長崎市議会は、6月26日「観光客受入対策特別委員会」を開催し、「環長崎港夜間景観向上基本計画」について説明を受けたのでその概要を掲載する。基本計画は、長崎の歴史や文化を感じ、市民に愛されるふるさとの風景となる夜景づくりを通じて「世界一の夜景都市」となることを目指し、遠景及び中・近景の観点から必要な取り組みについて体系的にまとめ、戦略的に夜間景観の向上を図るための基本的な考え方を示すことを目的としている。対象区域は、主要な視点場である稲佐山並びに鍋冠山展望台からの視認される環長崎港一帯の市街地とし10地区が選定され、まちの個性を「面」で魅せる斜面地の灯りの整備、水際線の顕在化を図り、まちの個性を「点と線」で歩いて楽しむランドマークの灯りの整備、軸線の灯りの整備、「長崎における都市照明のための7つの視点」を基に基本原則の設定など取り組むべき方向性が示されている。
7つの視点は、①快適な陰影(適光適所の心地よさを追求する)②適正な色温度対比(まちの個性に寄り添う)③グレアフリー(目に優しく美しい景観をつくる)④鉛直面の明るさ(まちなみを印象付ける)⑤演色性への配慮(まちの表情を豊かに見せる)⑥高効率証明器具(エコロジカルで経済的に照らす)⑦オペレーション(季節や時間を感じさせる)としている。遠景の夜景は、長崎らしい街路照明(長崎灯)の整備、アクセントとなる街路照明整備、ランドマークのライトアップなどで斜面地市街地の明かりの整備することとし、水際に近い建物のライトアップ、水際に近い植栽の整備とライトアップ、護岸を活用した手摺照明などで水際線の顕在化を図るとしている。
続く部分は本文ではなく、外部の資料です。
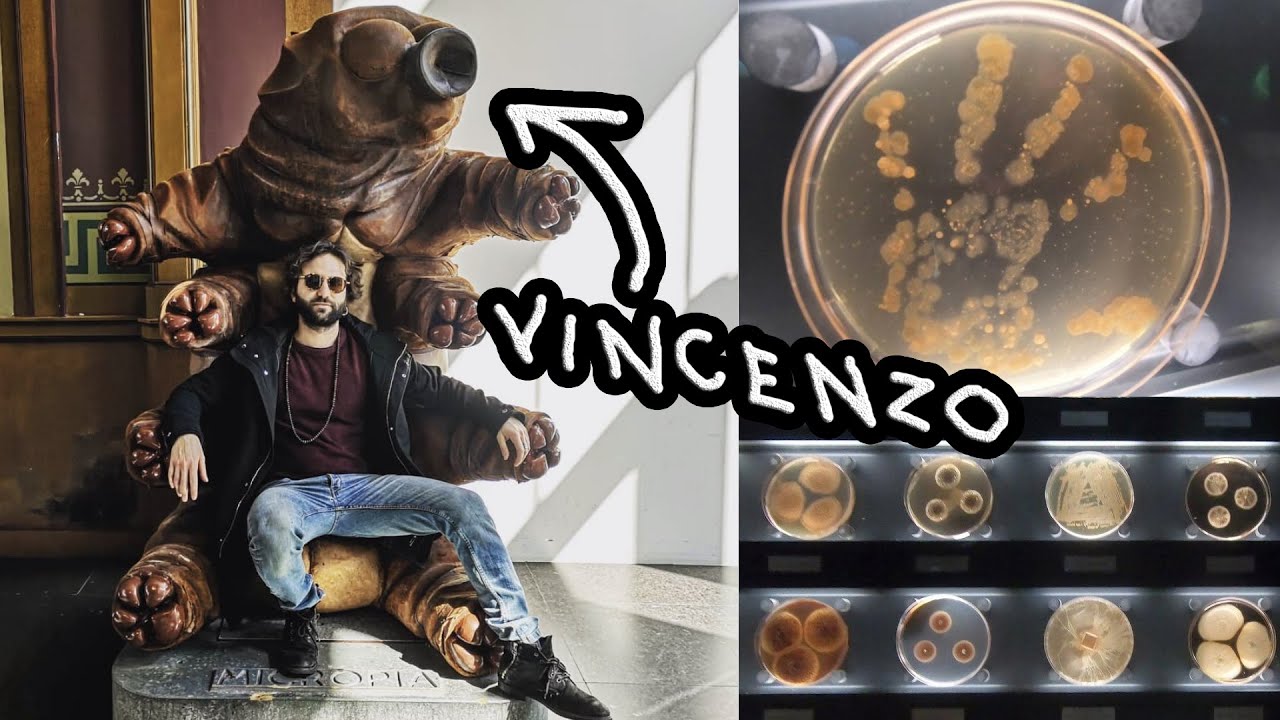 Un museo su virus e batteri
中・近景の夜間景観は、「歩いて楽しいまち」を夜間においても実現するため、各地区の景観的な特徴に基づき、各エリアのコンセプトを設定し、「点と線」による魅力的な夜間景観委づくりに取り組むとしている。
具体的には、国の景観まちづくり刷新支援事業を活用し、基本計画に基づき夜景のさらなる魅力向上を図るため、東山手・南山手エリア、館内・新地エリア及び平和公園エリアにおける整備箇所選定、照明器具の選定及び配置等の調査業務・設計業務費4,900万円が6月議会に計上され本日可決される。また、出島地区のライトアップ整備を出島表門橋架橋にあわせ、中島川公園側から白塀の照明器具整備、出島史跡内の照明器具整備(97個)、照明の制御装置整備等5,000万円計上され本年7月~11月上旬までに工事が進められる。併せて、被爆75周年を前に平和公園において園路の舗装改修等を行い、公園利用者の利便性向上と観光都市長崎の魅力向上を図るとし、平成29年度から平成31年度まで総事業費約3億円かけて整備される。宿泊滞在型観光の推進は、世界・日本新三大夜景都市、夜景観光先進としての魅力向上で、国内外からの宿泊滞在観光客の誘致及び観光消費額の増加が期待される。